▶ _Task objective_: With the images excluded, set down every line of the listing below exactly.

[Dataset extract Boundary: Start]

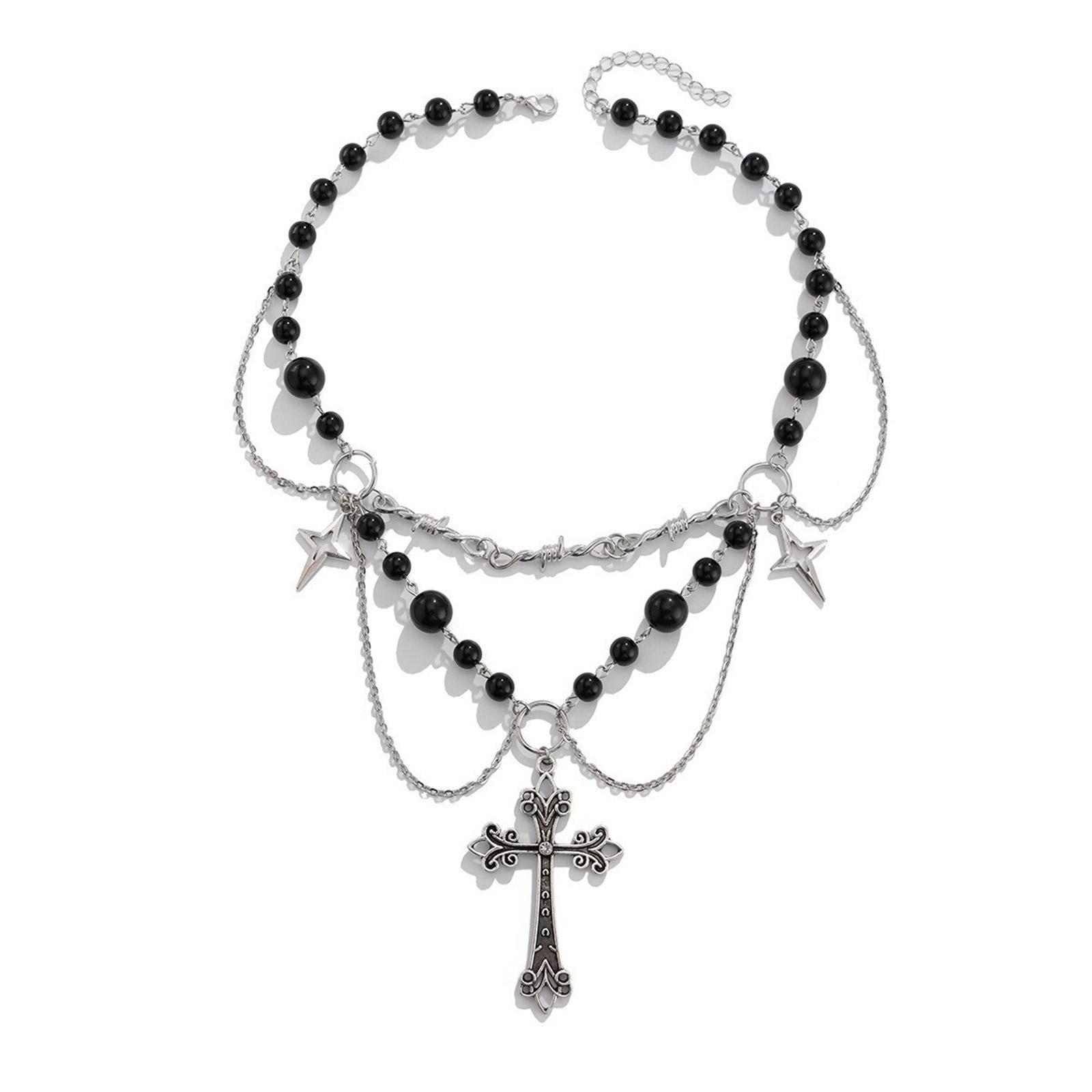 

Панк Стиль Кресты Подвеска Ожерелье Регулируемое Панк Кресты Бант Ожерелье с Деталями из Жемчуга для Законодателей Моды разноцветный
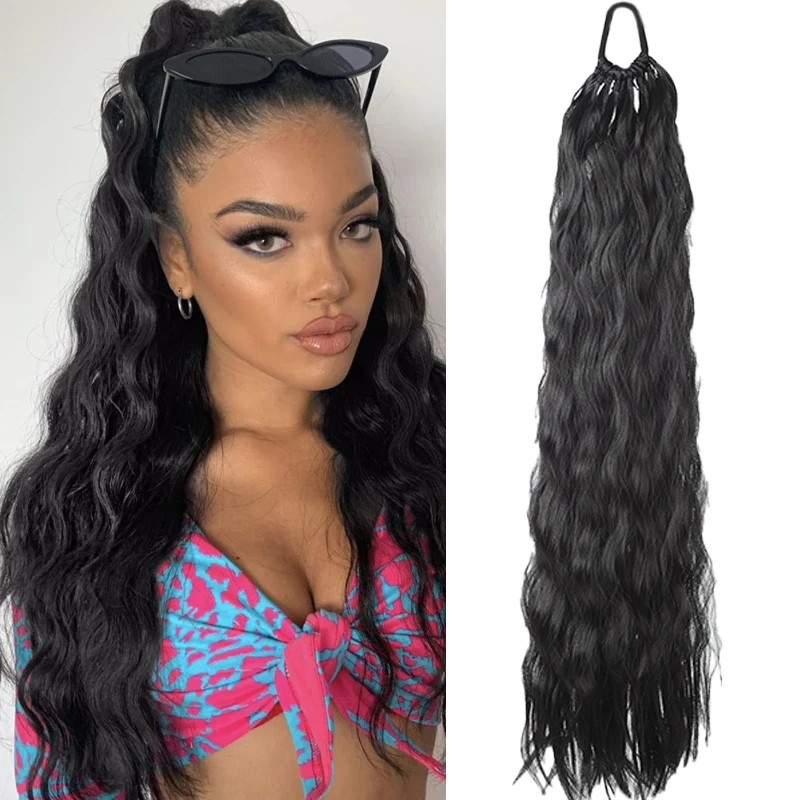 Elastic Tie Synthetic Long Curly Wavy Ponytail Extensions Women Hairpiece Daily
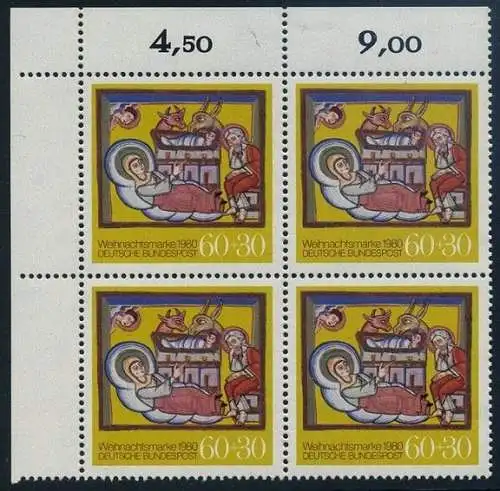 BUND 1980 Michel-Nummer 1066 postfrisch BLOCK ECKRAND oben links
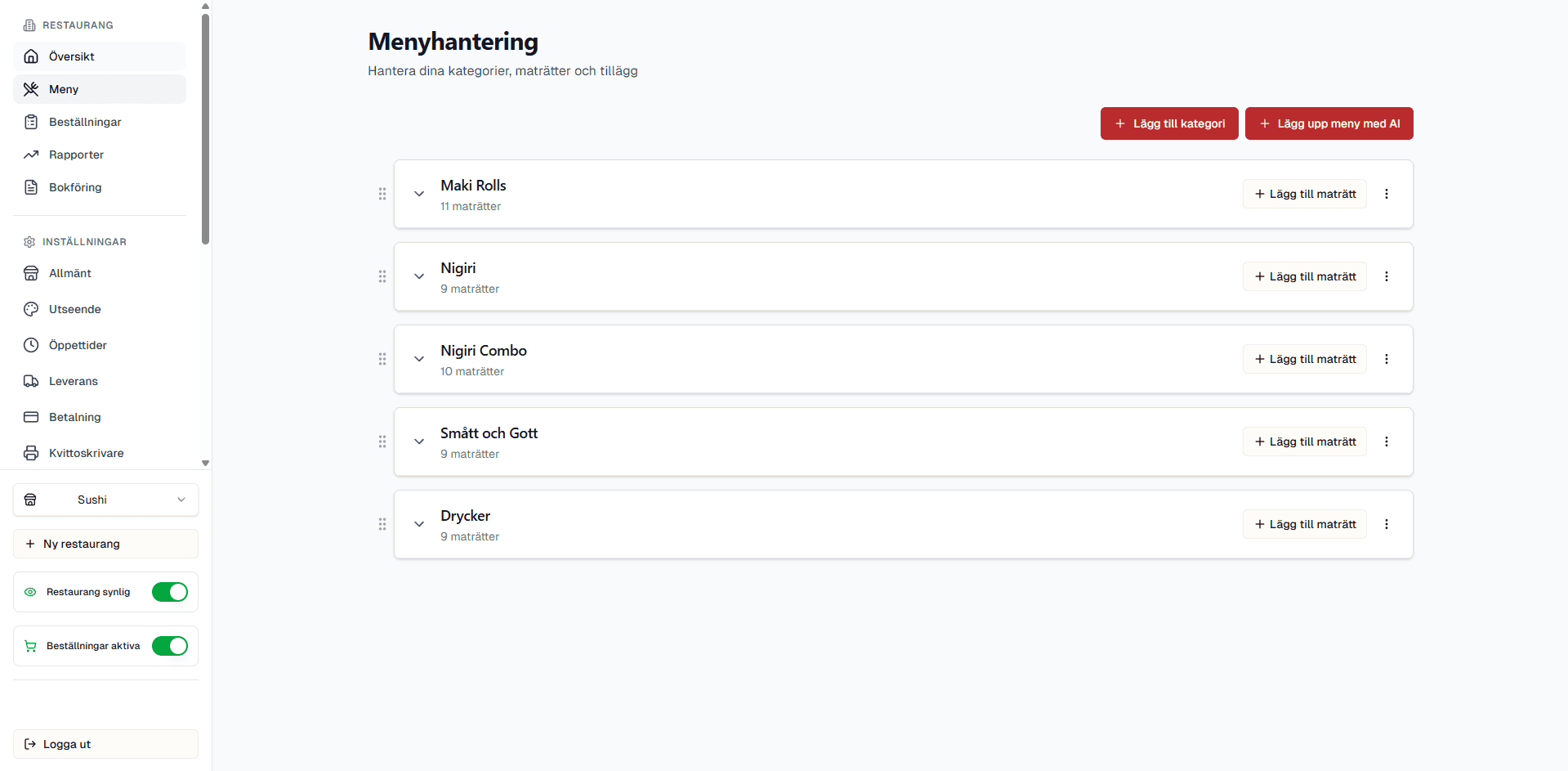 Menyhantering med kategorier listade i drag-and-drop-ordning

[Dataset extract Boundary: End]

▶ _Expected answer_:
Панк Стиль Кресты Подвеска Ожерелье Регулируемое Панк Кресты Бант Ожерелье с Деталями из Жемчуга для Законодателей Моды разноцветный
 Elastic Tie Synthetic Long Curly Wavy Ponytail Extensions Women Hairpiece Daily
 BUND 1980 Michel-Nummer 1066 postfrisch BLOCK ECKRAND oben links
 Menyhantering med kategorier listade i drag-and-drop-ordning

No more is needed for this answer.